From https://stackoverflow.com/a/1131238/2409299 :
import hashlib
with open("your_filename.txt", "rb") as f:
file_hash = hashlib.md5()
while chunk := f.read(8192):
file_hash.update(chunk)
print(file_hash.digest())
print(file_hash.hexdigest()) # to get a printable str instead of bytes
Then compare the hexdigest
with previously stored hashes to identify a duplicate file.
Row-wise checksum
Using the Spark CSV reader means you've already unpacked the file into rows & columns which means you can no longer compute an accurate file hash. You could instead do row-wise hashes by adding a column with the hash per row, sort the dataset the same way across all the files, and hash down that column to come up with a deterministic result. It would probably be easier to go the file-based MD5 route though.

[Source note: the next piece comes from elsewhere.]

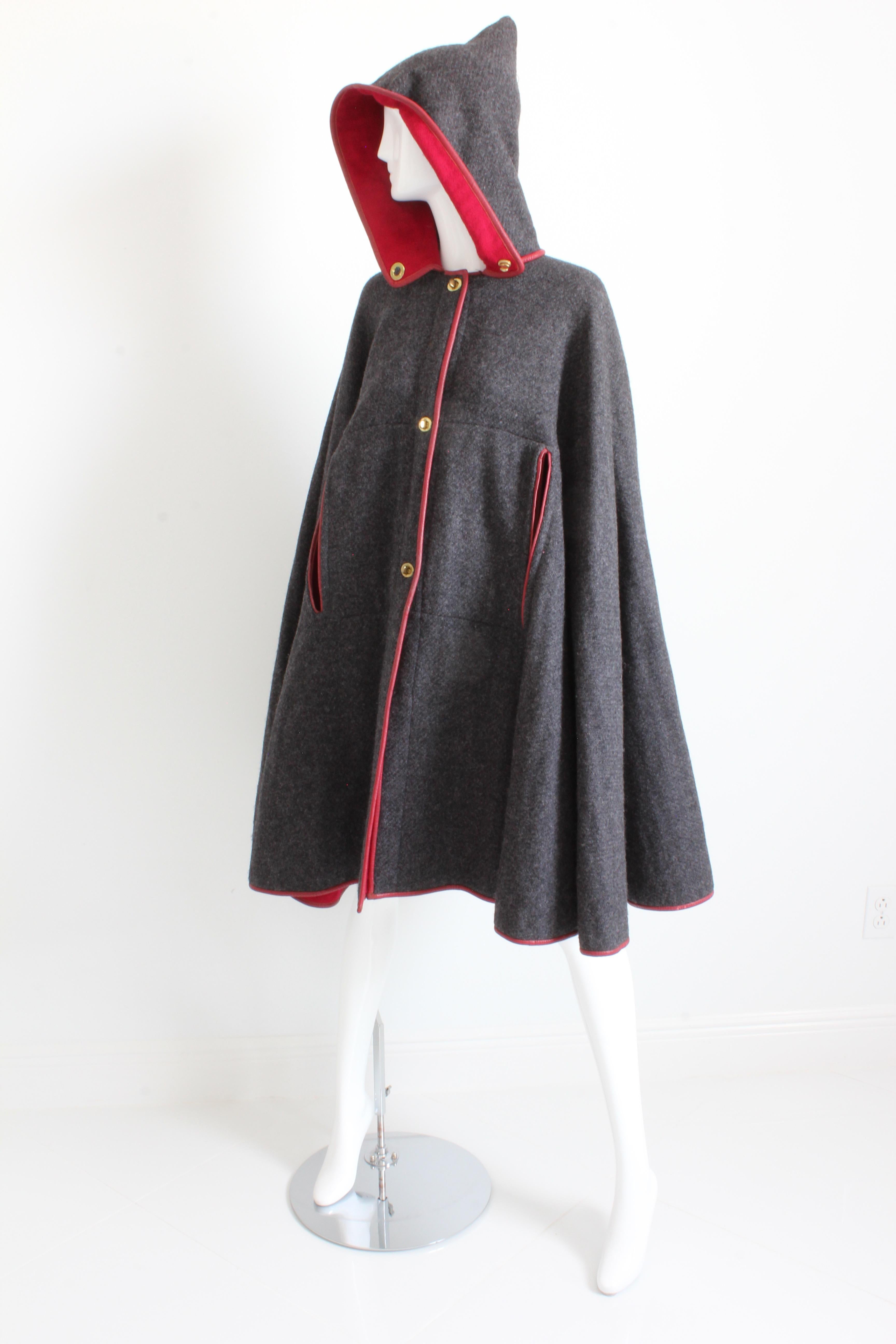 Bonnie Cashin for Sills Cape Hooded Charcoal Wool Red Leather Trim Rare Vintage In Good Condition For Sale In Port Saint Lucie, FL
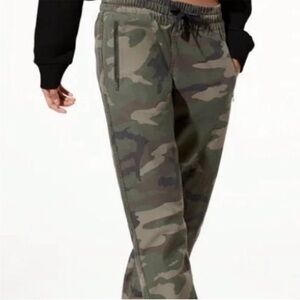 TNAction Alix pants *camouflage*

With Spark SQL and the built-in hash function:
spark.sql("SELECT *, HASH(*) AS row_hash FROM my_table")
Spark's Hash function is not an MD5 algorithm. In my opinion it may not be suitable for this use case. For example, it skips columns that are NULL which can cause hash collisions (false-positive duplicates).
Below hash values are the same:
spark.sql("SELECT HASH(NULL, 'a', 'b'), HASH('a', NULL , 'b')")
+----------------+----------------+
|hash(NULL, a, b)|hash(a, NULL, b)|
+----------------+----------------+
| 190734147| 190734147|
+----------------+----------------+
Other notes
Some data stores such as S3 have object metadata (E-Tag) that acts like a hash. If you are using such a data store you could simply retrieve and compare these to identify duplicates, and avoid hashing any files yourself.